Depuis six mois, à Calais, les navires de SeaFrance sont à quai. Mais l'attribution pour 65 millions d'euros des trois derniers bateaux au groupe Eurotunnel, lundi 11 juin, a rendu l'espoir aux anciens salariés de la compagnie : le Berlioz et le Rodin pourraient reprendre la mer dès la fin du mois de juillet. En mauvais état, le troisième, destiné au fret, devra d'abord retrouver son certificat de navigation.
A terme, ce sont plus de 500 emplois qui doivent être retrouvés avec la mise en place d'une société coopérative et participative (Scop). Avant sa liquidation judiciaire en janvier dernier, SeaFrance employait 880 personnes en France et 130 en Angleterre.
Lundi après-midi, les porteurs du projet de Scop ont fêté la décision du tribunal de commerce, conscients pourtant des difficultés qui les attendent : "Il y a tout à rebâtir et à reconstruire", reconnaissait Frédéric Lefranc, un ex-SeaFrance. En Scop ou non, pour qu'une entreprise fonctionne, il lui faut des clients, de l'activité. Quand une société arrive en liquidation, il est parfois trop tard : les clients n'ont plus confiance et les fournisseurs craignent de ne pas être payés.
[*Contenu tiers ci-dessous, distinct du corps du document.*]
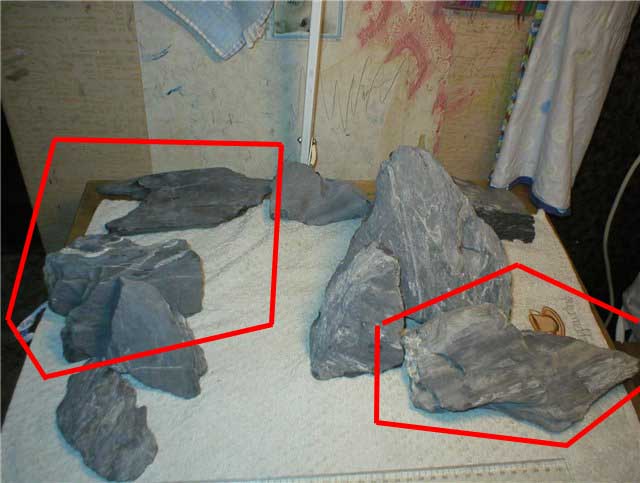 Untitled-1.jpg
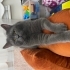 🐱 Oscar Ömürlük Yuvasını Arıyor – Sevecen British Shorthair fotoğraf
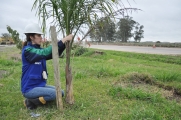 Dia do engenheiro florestal: preservar, propagar, recuperar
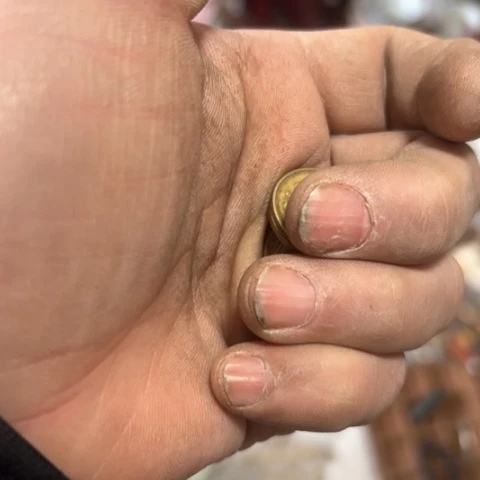 核桃木/黑胡桃（胡桃木）?*W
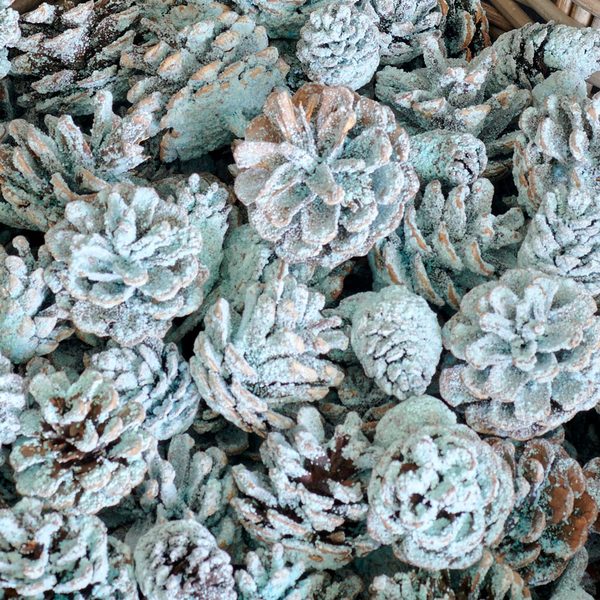 Sapphire Flame Cones, 5 Lb Bag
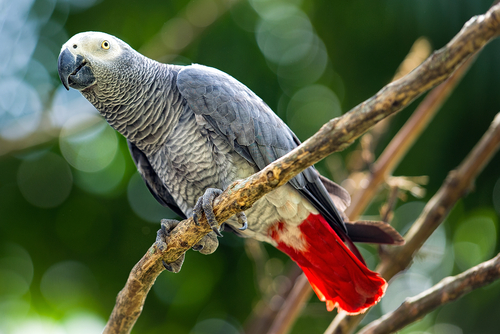 Perroquet gris d'Afrique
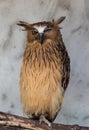 Portrait of angry frightened buffy fish owl, Ketupa ketupu, also known as the Malay fish owl, awaken and disturbed by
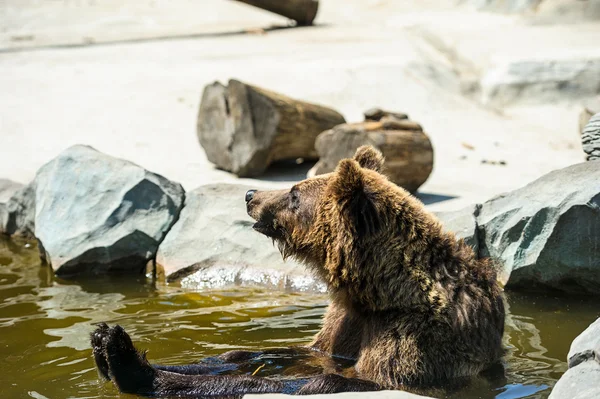 Brown bear in the water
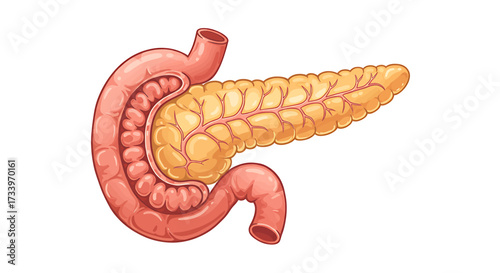 Illustration of the human pancreas and duodenum, showing their anatomical relationship.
Un taux de survie de 53% à 5 ans
L'affaire n'est donc pas gagnée. Sur les 2.000 Scop que compte la France, seules 11% d'entre elles se sont constituées à partir d'entreprises en difficultés. Dans cette situation, leur taux de pérennité à 5 ans s'élevait à 53% en 2010 - il était de 52% pour l'ensemble des entreprises françaises. "Devenir une Scop, ce n'est pas un coup de baguette magique", rappelle François Berger, dirigeant de Scop, au "Nouvel Observateur". Selon lui,
Le public reste trop souvent avec l'image d'un Radeau de la Méduse, l'idée du dernier recours. Alors que ce n'est pas ça une Scop !"
Les SeaFrance, eux, attendent de relever ce défi depuis des mois. Dès le 29 décembre 2011, Didier Capelle, Bruno Landy, Michel Parisseaux et cinq autres membres du Conseil de surveillance avaient enregistré la Scop SeaFrance au tribunal de commerce de Boulogne-sur-Mer. Il ne s'agissait alors que d'une coquille vide, créée afin de pouvoir exister juridiquement. Désormais, l'aventure commune peut enfin démarrer.
Le nom SeaFrance est conservé
Pour commencer, les salariés ont choisi de conserver le nom de la marque. Il est vrai qu'elle bénéficie d'une forte notoriété, atout indéniable pour lancer une Scop. Par ailleurs, c'est un ancien président du directoire de Brittany Ferries, Jean-Michel Giguet, qui sera chargé de piloter la Scop SeaFrance.
Les anciens SeaFrance seront prioritairement recrutés. La nouvelle société débutera d'abord avec quelque 250 marins. En 2013, si tout se passe comme prévu, elle devrait compter 520 salariés-actionnaires en France. Chaque salarié est amené à devenir associé. La participation individuelle s'élève à 5.000 euros.
Parallèlement, Eurotunnel doit mettre en place une société financière pour héberger les navires. Ces derniers seront ensuite loués à la Scop dans le cadre d'un contrat triannuel. Eurotunnel conservera la commercialisation et fixera les tarifs.
"Un capitalisme à visage humain"
Arnaud Montebourg juge le projet "intéressant". Sur RTL le mardi 12 juin, le ministre du Redressement productif a estimé :
Nous pensons que les coopératives ont une place importante car c'est un capitalisme à visage humain, non délocalisable".
Il estime toutefois que "cela ne peut fonctionner que s'il y a une volonté sur le terrain et si les salariés ont suffisamment de ressources en eux-mêmes (...) pour le faire".
La volonté ne sera pourtant pas seule en jeu. Plusieurs ombres planent sur l'avenir de la Scop. Des actions pénales restent en court contre 13 salariés mis en examen, soupçonnés de vols d'alcool et de nourriture sur des bateaux. De plus, la concurrence est forte sur la liaison Calais-Douvres. Pendant l'arrêt de SeaFrance, la compagnie anglaise P&O, mais aussi LD/DFDS ont renforcé leur position. La direction de P&O n'exclut d'ailleurs pas d'attaquer Eurotunnel pour concurrence déloyale. De son côté, le PDG d'Eurotunnel reste persuadé qu'il y a de la place pour trois compagnies.